As soon as you hear There’s A Girl In The Corner, the opening track on The Twilight Sad’s third album Nobody Wants To Be Here and Nobody Wants To Leave, you are instantly immersed in a wall of noise that draws you in, spins you round and fires you out at the other end of the song, bewildered and energised. It’s a mighty start to what is a great album; in parts The Cure, in others Radiohead, PIL or even Ride, all held together by James Graham’s powerful vocals which are the real star throughout this record.
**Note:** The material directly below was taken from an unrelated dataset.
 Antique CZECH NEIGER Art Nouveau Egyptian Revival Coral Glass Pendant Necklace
The band profess to be “folk with layers of noise” but that description barely scratches the surface. This is a hugely powerful album. The music alone is moving; dense, squalling, feedback laden in places but full of emotion. It’s widescreen stuff and wouldn’t sound out of place in any size of arena. There’s clear post punk influence at play on tracks like I Could Give You All That You Don’t Want or Last January where the mixture of primitive sounding electronics and angular guitars is instantly redolent of all the best the post punk era could offer. The band’s sound has progressed in a really impressive way on this album and the influences that I hear really compliment their already well established sound. This is a fuller sounding album than previous releases but that’s in part due to the production which is claustrophobic in places but stunningly so.
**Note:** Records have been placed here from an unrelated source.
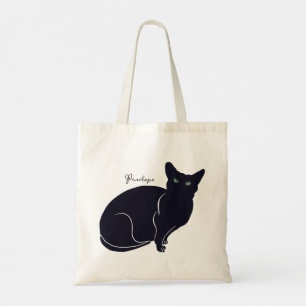 Kat tekening, zwarte kat met groene ogen tote bag
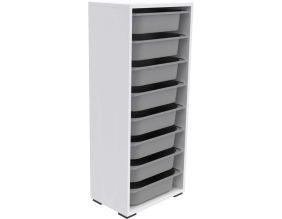 Meuble de rangement 8 tiroirs Cara (Blanc et gris)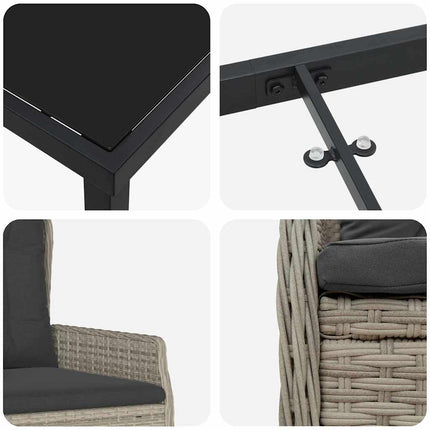 Trädgårdsmöbelset 5 pcs Ljusgrå konstrotting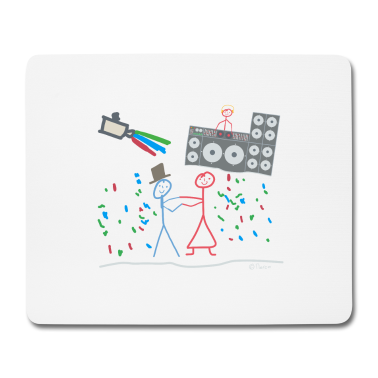 Hochzeit Mousepad - Hochzeitsfeier Dj Musik Strichmännchen Tanz Disco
Funnily enough, picking a standout track for you to sample is quite tricky as this is an album that is best heard as a whole work. In Nowheres is an interesting song mixing an almost pop like melody and synth sound with a dense, dense wall of noise and reverb and certainly deserves to be heard. The title track is a cracker too starting off like a stuttering drum machine which is suddenly interrupted by another cacophony of guitars. The aforementioned There’s a Girl In The Corner may well be the best place to start and not just because it’s track 1; it’s as good an example of the brilliance at play here as any other track on the album. Title aside, Pills I Swallow lightens the mood musically with its’ mix of Johnny Marr sounds and Gary Numan like synth sounds but the overall feel is retained with the portentous vocal part.
Like their previous works, Nobody… is fairly hard to categorise or define but that’s certainly no bad thing. The Twilight Sad are a unique band and all the better for it. They deserve the acclaim and success of contemporaries Frightened Rabbit and they will no doubt get it , but it will be on their own terms and with albums like this one, that will be richly deserved.